Принятие вашего исходного подхода в максимально возможной степени (с использованием mapreduce)
from functools import reduce
import csv
def mapper(f):
" Select fields of input data"
while f:
customer, _, _, product, cost = f.rstrip().split(',')
return customer, product, cost
def reducer(acc, v):
" Used by reduce to generate dictionary of products by customer and revenue"
customer, product, cost = v
if not product in acc:
acc[product] = {}
if not customer in acc[product]:
acc[product][customer] = []
acc[product][customer].append(cost)
return acc
def create_row(results, product):
" Generate stats row for a product "
customers = results[product]
return {"Product":product,
"CustomerCount": len(results[product]),
"TotalRevenue": sum(float(cost) for customer, costs in customers.items() for cost in costs)}
with open('test.csv') as ifile:
next(ifile)
data = map(mapper, ifile)
# Generate results as a nested dictionary
results = reduce(reducer, data, {})
# List of products in alphabetical order
products = sorted(results.keys())
# Show results as CSV File
fieldnames = ["Product", "CustomerCount", "TotalRevenue"]
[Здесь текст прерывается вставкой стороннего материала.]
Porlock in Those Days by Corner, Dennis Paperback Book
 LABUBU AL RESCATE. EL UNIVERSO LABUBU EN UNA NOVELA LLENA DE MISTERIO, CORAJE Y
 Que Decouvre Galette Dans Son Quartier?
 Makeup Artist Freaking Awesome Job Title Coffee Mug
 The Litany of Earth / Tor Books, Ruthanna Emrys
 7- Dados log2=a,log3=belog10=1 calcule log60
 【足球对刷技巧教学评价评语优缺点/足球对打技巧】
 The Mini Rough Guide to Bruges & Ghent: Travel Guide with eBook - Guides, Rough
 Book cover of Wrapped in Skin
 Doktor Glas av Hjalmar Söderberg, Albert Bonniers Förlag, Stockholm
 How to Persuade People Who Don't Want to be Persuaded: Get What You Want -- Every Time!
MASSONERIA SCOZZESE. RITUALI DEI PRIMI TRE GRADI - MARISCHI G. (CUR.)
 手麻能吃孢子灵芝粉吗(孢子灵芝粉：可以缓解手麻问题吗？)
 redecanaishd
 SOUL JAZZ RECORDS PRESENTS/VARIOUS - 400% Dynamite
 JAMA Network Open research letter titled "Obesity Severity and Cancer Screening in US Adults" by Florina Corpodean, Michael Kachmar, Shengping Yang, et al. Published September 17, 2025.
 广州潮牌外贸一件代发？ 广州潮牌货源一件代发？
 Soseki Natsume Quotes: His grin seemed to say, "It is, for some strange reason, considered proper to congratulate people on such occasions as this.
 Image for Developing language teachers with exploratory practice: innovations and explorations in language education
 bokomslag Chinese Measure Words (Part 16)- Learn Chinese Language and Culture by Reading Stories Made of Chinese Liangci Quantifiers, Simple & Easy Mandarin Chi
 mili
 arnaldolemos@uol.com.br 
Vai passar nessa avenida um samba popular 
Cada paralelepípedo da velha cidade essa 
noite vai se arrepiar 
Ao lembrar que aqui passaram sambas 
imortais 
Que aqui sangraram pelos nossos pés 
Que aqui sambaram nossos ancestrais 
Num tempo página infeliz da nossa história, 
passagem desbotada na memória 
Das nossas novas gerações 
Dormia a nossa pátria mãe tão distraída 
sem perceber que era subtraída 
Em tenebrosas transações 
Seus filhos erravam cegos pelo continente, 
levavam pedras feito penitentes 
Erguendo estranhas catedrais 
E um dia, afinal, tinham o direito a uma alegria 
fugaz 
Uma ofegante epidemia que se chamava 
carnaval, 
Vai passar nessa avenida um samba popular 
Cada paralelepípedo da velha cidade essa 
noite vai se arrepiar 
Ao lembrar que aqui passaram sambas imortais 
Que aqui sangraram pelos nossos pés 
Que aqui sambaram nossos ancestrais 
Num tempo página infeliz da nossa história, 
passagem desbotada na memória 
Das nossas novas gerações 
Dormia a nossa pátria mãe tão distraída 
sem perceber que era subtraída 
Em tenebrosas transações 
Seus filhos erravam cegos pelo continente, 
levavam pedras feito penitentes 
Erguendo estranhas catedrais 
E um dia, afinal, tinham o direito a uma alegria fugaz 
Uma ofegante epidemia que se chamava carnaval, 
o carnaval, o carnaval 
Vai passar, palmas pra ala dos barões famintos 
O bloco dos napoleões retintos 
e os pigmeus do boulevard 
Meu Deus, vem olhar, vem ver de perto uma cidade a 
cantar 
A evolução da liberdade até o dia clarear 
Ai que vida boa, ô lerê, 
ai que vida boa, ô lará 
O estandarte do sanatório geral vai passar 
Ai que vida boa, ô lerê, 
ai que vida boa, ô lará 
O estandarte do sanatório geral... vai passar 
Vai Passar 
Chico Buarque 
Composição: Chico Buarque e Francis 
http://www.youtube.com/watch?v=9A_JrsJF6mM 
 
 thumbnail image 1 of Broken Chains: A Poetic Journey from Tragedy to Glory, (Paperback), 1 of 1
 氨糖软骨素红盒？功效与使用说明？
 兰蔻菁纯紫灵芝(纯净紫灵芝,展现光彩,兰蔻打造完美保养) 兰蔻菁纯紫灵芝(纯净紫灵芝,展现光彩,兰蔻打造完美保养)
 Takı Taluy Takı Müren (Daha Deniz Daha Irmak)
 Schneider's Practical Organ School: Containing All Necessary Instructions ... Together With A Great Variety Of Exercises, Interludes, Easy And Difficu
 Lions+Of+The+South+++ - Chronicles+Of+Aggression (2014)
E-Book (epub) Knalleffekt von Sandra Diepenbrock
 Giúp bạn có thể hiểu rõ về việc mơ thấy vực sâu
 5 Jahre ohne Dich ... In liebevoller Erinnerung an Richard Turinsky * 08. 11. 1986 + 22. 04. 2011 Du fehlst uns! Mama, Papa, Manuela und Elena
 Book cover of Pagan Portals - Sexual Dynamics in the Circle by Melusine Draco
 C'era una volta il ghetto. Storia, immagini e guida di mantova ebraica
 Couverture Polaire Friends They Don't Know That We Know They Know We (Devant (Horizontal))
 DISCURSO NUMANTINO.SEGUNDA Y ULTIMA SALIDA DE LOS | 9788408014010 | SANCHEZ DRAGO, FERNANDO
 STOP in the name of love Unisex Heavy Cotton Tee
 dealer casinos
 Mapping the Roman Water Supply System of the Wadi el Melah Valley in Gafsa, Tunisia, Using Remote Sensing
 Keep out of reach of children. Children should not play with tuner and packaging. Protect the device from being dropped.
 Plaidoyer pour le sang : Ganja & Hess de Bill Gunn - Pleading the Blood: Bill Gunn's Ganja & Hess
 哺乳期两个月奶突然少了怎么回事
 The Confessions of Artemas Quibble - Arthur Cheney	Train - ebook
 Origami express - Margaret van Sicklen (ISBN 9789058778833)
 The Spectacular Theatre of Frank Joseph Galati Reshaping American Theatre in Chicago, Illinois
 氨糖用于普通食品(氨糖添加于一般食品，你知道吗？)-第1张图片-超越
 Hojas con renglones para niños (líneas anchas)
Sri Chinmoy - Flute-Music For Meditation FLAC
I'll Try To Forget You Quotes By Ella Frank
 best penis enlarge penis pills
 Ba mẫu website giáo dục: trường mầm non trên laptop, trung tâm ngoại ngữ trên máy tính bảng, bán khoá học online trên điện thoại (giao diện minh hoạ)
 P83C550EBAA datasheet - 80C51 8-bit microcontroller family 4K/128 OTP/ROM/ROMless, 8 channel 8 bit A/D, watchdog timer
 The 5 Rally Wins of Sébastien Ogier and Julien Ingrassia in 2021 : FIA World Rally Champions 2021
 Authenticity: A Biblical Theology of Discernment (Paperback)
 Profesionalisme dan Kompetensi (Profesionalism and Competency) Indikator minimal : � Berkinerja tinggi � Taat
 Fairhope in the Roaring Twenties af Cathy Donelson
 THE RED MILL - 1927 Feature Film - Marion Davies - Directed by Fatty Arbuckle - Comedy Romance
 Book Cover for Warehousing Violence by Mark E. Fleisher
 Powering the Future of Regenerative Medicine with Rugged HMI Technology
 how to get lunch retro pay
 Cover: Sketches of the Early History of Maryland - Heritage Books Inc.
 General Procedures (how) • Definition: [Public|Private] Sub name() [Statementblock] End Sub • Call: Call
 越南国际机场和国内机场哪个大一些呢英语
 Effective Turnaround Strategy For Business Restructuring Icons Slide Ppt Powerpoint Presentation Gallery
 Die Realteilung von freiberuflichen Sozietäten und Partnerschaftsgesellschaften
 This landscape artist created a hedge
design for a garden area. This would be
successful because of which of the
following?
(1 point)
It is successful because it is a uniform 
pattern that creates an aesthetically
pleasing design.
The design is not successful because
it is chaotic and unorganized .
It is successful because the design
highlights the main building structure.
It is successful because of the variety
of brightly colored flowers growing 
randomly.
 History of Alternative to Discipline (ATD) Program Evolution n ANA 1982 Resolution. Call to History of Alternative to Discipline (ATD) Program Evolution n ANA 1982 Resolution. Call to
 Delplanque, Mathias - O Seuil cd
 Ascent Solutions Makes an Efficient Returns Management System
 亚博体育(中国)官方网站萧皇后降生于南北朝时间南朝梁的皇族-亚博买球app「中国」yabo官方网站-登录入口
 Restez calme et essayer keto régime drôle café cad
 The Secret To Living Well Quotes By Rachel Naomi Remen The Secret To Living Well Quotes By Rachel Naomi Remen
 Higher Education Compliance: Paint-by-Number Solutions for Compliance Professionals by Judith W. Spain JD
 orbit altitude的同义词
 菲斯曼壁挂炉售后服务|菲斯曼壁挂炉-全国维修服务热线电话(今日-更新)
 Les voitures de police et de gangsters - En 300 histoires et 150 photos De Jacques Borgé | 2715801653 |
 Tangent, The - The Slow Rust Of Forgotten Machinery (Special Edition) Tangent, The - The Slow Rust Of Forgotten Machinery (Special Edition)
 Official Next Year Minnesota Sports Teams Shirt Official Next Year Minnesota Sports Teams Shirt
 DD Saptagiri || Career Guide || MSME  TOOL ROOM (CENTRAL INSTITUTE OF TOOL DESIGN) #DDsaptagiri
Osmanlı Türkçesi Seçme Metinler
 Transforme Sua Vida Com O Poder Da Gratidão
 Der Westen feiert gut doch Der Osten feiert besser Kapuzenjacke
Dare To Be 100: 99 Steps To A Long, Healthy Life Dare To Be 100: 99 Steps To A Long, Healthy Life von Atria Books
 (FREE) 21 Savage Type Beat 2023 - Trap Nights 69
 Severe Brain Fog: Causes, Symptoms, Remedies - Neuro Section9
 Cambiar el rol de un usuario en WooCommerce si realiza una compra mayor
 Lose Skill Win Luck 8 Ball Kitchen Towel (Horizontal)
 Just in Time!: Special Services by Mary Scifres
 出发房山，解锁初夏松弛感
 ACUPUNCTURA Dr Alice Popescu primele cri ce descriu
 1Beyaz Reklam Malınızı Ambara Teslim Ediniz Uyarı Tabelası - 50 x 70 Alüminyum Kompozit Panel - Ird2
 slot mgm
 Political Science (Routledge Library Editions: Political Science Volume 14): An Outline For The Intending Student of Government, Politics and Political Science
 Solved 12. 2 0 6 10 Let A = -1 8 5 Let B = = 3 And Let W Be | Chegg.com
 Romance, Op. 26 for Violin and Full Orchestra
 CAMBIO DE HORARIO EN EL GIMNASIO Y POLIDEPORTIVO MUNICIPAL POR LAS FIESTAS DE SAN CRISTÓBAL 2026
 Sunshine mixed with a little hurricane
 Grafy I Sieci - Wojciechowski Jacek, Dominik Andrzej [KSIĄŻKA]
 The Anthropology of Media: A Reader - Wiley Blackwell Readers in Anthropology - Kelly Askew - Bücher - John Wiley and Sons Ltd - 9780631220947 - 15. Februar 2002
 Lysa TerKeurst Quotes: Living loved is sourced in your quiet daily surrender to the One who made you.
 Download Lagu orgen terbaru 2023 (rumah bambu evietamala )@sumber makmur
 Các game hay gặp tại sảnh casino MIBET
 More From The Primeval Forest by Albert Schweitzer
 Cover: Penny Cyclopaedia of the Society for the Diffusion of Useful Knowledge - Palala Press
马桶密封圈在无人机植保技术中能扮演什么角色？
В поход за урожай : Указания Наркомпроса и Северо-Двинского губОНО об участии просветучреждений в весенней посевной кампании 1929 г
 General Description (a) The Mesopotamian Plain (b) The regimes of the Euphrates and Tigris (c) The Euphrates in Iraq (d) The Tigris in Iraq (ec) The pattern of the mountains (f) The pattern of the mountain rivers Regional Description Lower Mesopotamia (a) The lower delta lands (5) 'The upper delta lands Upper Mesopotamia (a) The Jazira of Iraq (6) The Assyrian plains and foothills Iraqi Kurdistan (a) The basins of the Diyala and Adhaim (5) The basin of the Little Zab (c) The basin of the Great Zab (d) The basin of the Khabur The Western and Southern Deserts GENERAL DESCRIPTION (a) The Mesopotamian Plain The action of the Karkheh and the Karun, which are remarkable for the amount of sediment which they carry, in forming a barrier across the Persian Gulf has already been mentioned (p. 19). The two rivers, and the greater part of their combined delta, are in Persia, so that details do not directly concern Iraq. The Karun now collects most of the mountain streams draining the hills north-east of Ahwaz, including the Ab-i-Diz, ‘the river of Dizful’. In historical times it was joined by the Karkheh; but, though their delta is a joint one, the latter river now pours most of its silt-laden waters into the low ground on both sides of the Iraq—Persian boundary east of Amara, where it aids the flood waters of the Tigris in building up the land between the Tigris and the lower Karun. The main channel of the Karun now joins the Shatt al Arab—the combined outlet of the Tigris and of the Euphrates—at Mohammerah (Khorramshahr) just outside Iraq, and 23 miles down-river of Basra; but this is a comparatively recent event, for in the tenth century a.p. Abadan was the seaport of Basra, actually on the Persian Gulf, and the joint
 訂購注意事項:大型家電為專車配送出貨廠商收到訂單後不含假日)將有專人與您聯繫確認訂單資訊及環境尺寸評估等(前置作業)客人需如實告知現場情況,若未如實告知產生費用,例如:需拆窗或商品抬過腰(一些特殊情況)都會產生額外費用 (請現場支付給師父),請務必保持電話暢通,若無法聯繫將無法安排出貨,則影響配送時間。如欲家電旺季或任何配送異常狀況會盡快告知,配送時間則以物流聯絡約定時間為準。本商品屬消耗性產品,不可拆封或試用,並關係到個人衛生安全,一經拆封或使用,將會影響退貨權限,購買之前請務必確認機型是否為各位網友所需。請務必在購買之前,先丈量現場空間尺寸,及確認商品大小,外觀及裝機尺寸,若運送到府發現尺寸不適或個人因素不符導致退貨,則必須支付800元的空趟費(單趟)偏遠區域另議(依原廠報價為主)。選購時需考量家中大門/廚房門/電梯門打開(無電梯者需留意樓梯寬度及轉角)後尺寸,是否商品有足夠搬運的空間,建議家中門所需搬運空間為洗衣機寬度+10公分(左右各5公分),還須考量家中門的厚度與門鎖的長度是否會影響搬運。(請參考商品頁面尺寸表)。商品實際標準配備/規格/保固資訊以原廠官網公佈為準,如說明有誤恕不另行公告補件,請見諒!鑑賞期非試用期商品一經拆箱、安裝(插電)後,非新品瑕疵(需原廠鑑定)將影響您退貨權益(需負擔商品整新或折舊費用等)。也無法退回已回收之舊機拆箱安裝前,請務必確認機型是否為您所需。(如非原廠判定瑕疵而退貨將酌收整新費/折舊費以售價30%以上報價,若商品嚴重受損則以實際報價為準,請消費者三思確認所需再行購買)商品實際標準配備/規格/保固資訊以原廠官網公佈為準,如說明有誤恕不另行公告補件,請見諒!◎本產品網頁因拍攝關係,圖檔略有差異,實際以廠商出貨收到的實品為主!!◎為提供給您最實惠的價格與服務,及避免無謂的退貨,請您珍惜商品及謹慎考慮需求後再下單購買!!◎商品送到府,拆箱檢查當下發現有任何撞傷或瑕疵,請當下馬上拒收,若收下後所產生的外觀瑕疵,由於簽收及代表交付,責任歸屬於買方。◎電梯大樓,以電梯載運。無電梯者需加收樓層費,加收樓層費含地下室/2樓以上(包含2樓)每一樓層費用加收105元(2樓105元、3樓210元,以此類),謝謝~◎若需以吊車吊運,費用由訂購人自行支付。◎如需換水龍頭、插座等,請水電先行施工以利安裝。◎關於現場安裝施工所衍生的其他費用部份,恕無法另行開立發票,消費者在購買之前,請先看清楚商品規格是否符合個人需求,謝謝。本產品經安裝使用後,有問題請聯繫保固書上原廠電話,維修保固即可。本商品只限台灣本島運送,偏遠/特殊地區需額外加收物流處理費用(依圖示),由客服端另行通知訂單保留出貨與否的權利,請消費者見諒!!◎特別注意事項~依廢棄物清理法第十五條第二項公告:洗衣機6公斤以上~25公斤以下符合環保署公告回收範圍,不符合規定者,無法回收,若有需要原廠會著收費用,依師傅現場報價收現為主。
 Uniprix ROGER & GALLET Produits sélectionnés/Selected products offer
with open("results.csv", "w") as ofile:
writer = csv.DictWriter(ofile, fieldnames=fieldnames)
writer.writeheader()
rows = map(lambda product: create_row(results, product), products)
writer.writerows(rows)
Тест
Входной файл
Customer, Transaction, Date, Product, Cost
X,1,02/02,A,10.99
X,1,02/02,B,4.99
X,2,04/02,A,9.99
Y,4,10/02,C,0.99
Y,5,03/03,D,13.99
Z,7,03/04,D,13.99
Z,9,07/05,B,5.99
Z,9,07/05,A,11.99
Выходной файл
Product, CustomerCount, TotalRevenue
A,2,32.97
B,2,10.98
C,1,0.99
D,2,27.98
Примечание: словарь результатов был
{'A': {'X': ['10.99', '9.99'], 'Z': ['11.99']},
'B': {'X': ['4.99'], 'Z': ['5.99']},
'C': {'Y': ['0.99']},
'D': {'Y': ['13.99'], 'Z': ['13.99']}}
Альтернативный подход с использованием Python Groupby
from itertools import groupby
with open('test.csv') as ifile, open('results.csv', 'w') as ofile:
next(ifile) # skip input file header
# Input Data as list of list
data = [line.rstrip().split(',') for line in ifile]
# Function key for sorting and grouping by product field in each sublist
keyfunc = lambda x: x[3] # product column
# Inplace sort
data.sort(key=keyfunc) # Sort by product
# Write Header
ofile.write('Product, CustomerCount, TotalRevenue' + '\n') # Header
# Process by grouping by product field
for product, g in groupby(data, keyfunc):
g = list(g)
customers = set(x[0] for x in g) # set of customers in current grouping
total_revenue = sum(float(x[4]) for x in g)
ofile.write(f'{product},{len(customers)},{total_revenue:.2f}\n')